Captioned web image data:
◆ ◆ ◆ ◆ ◆

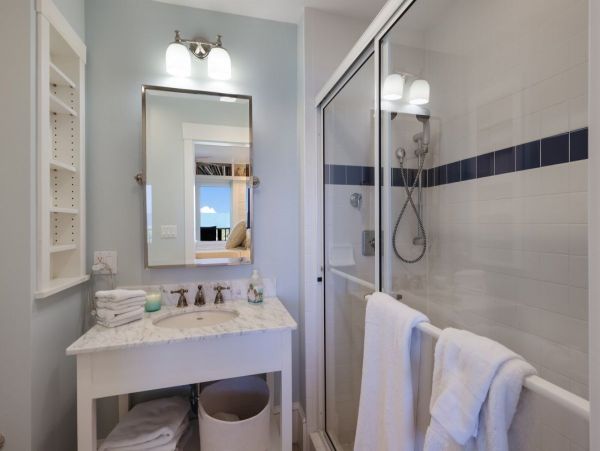 This Amazing Beach Rental Enjoys Magnificent Beach Views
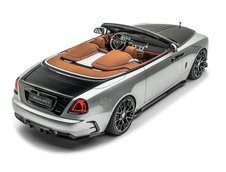 Rolls-Royce Dawn de la Mansory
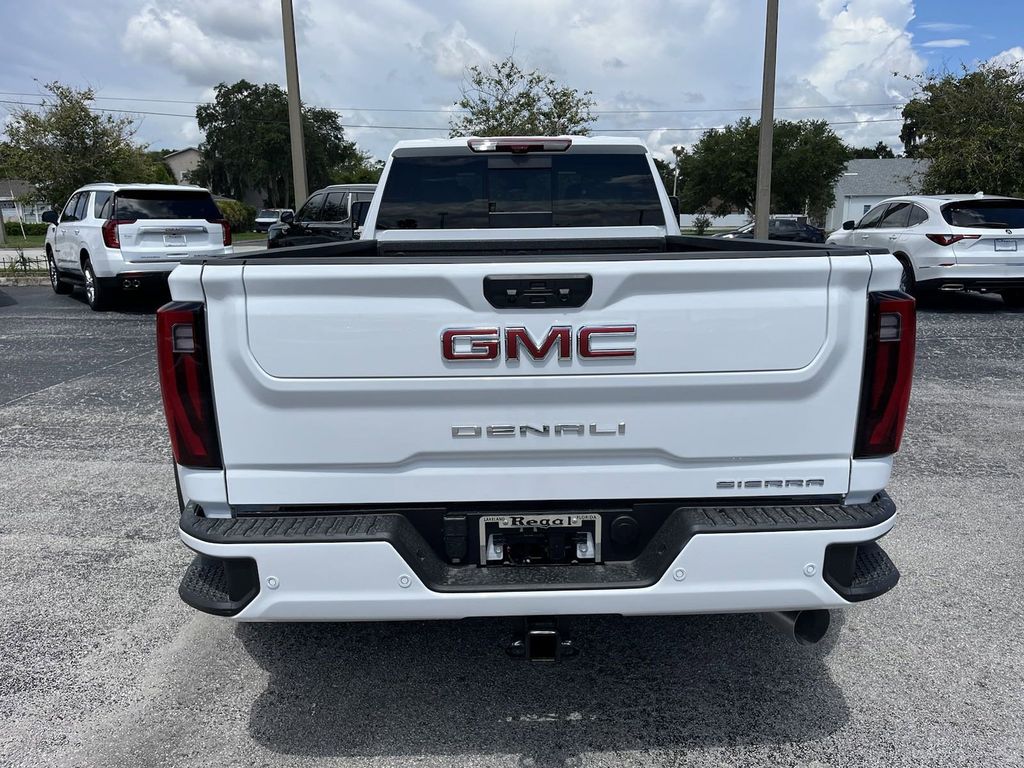 new 2024 GMC Sierra 3500HD car, priced at $92,250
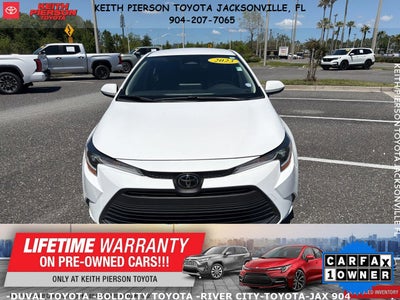 2023 Toyota Corolla LE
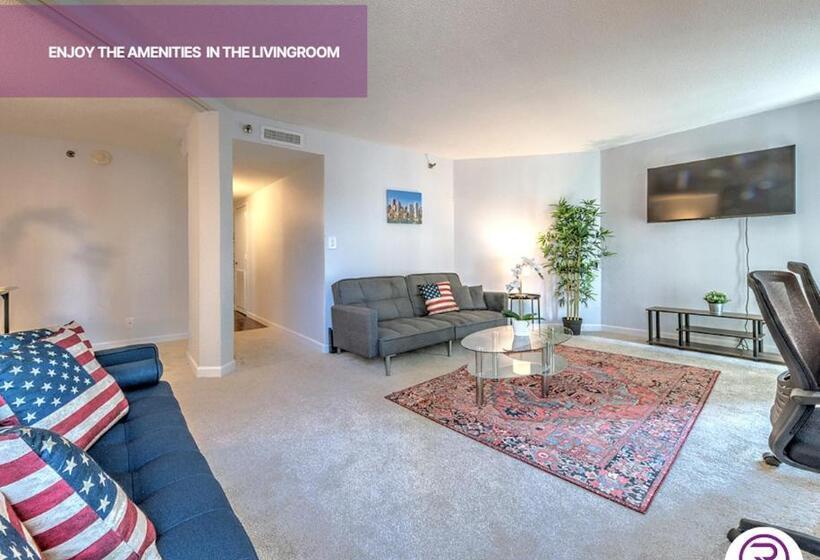 Apartamento 2 Quartos, Renu At Back Bay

◆ ◆ ◆ ◆ ◆

## TASK PROMPT
Transcribe, word for word, the line holding "new 2024 GMC" and all lines after it in the entries above, ending with the last. Only those lines; no pictures.

## RESULT
 new 2024 GMC Sierra 3500HD car, priced at $92,250
 2023 Toyota Corolla LE
 Apartamento 2 Quartos, Renu At Back Bay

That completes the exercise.